Bambina venduta in sposa per saldare un debito
RAVENNA. Venduta come sposa ancora bambina ad un connazionale molto più grande, che poi avrebbe anche abusato di lei, per ripianare un debito di 30mila euro contratto dai genitori con l’uomo.
Una storia agghiacciante che sembra appartenere ad un altro mondo e che invece è approdata ieri in tribunale a Ravenna dove si è aperto il processo che vede come imputati il padre e la matrigna della ragazza, assistiti dall’avvocato Alessandro Reggiani, e l’ex “marito” della giovane, un 36enne difeso dall’avvocato Chiara Bezzi di Bergamo che all’epoca dei fatti contestati (la vicenda risale al 2006) viveva a Forlì.
In aula, davanti al collegio penale presieduto dal giudice Corrado Schiaretti (a latere Alessandra Medi e Roberta Bailetti) è stata sentita per oltre un’ora la vittima, una ragazza di origini asiatiche che vive nel Ravennate dalla metà degli anni Novanta.
La giovane ha raccontato dei maltrattamenti subiti quando era ancora bambina, delle punizioni e delle botte ricevute dai familiari (accusati di maltrattamenti in concorso) contrariati per la sue aspirazioni di emancipazione. Troppo moderna, troppo desiderosa di “vivere all’occidentale” secondo costumi non in linea con le loro tradizioni.
Anni di vessazioni che sarebbero culminate nel 2006 quando la giovane, che per l’accusa aveva appena 12 anni mentre per la difesa ne aveva quasi 15, sarebbe stata data in sposa ad un connazionale.
Un matrimonio celebrato secondo il loro rituale religioso, ma mai trascritto e privo di valore in Italia. Un’unione che sarebbe stata organizzata per estinguere un debito contratto dai genitori, entrambi ambulanti, per l’acquisto di merce da rivendere. A prestargli i soldi era stato un loro connazionale, un 36enne a sua volta commerciante, a processo con le accuse di maltrattamenti, violenza sessuale aggravata e atti sessuali con minorenni.
Durante la deposizione di ieri in aula, la ragazza, diversamente da quanto avrebbe dichiarato in passato (del caso, emerso nel 2011, si erano occupati i poliziotti della Squadra mobile e i servizi sociali), ha rincarato la dose sostenendo di essere stata violentata anche la prima notte di nozze. Quella sera, infatti, sarebbe stata costretta ad avere un rapporto sessuale contro la sua volontà dall’uomo che l’avrebbe tenuta ferma per le mani. Affermazioni che stridono con quanto sostenuto dalla difesa, che ha prodotto lettere d’amore indirizzate all’ex marito, da lei invece descritto come manesco e geloso e da cui poi si era allontanata.

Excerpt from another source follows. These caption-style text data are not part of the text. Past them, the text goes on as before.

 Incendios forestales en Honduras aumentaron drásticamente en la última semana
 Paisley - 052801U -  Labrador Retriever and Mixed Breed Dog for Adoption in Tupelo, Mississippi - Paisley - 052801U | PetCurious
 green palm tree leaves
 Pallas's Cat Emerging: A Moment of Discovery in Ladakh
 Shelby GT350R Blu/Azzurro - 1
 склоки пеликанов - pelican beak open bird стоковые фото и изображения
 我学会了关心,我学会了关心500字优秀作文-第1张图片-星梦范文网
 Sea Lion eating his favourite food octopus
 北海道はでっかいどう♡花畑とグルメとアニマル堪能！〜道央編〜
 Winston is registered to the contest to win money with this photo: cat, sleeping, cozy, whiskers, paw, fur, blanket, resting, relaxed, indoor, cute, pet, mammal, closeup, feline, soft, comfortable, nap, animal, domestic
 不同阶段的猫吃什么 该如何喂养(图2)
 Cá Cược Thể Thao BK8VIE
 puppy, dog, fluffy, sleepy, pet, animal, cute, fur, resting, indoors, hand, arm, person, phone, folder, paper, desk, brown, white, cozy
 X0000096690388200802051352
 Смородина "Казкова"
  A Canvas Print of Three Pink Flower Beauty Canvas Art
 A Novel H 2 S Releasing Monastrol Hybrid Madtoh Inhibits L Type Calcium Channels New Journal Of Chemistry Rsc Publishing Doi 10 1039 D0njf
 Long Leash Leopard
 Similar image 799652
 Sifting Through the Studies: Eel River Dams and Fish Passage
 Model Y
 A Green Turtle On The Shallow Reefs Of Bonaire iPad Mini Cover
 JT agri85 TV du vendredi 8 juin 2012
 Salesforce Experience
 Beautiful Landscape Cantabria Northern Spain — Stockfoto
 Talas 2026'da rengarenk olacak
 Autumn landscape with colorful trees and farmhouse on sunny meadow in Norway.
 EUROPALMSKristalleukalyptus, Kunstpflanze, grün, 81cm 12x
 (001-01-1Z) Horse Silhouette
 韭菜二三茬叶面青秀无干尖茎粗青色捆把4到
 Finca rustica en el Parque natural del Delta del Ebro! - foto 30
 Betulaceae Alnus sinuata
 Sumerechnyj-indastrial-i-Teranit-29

Ma è anche sull’età della ragazza che, come detto, ruota buona parte del processo. Dubbi che l’assenza di documenti che possano in modo inconfutabile accertare la data di nascita non contribuisce a dirimere. Da un attestato risulterebbe essere nata nel 1994, mentre la madre naturale, residente nel suo Paese di origine, avrebbe collocato la nascita in un periodo non meglio specificato del 1992. Ma una consulenza osteometrica depositata dalla difesa farebbe presumere che la ragazza avesse quasi 15 anni al momento del matrimonio. Differenze non di poco conto ai fini del procedimento.
Sempre ieri sono stati sentiti anche i suoi fratelli maggiori della ragazza (entrambi detenuti) che vivono con i genitori in un paese della provincia di Rovigo e che hanno invece ridimensionato la vicenda, ammettendo che tra la matrigna e la sorella i rapporti erano tesi ma che a loro dire non sarebbero mai andati oltre qualche schiaffone. A metà dicembre la prossima udienza.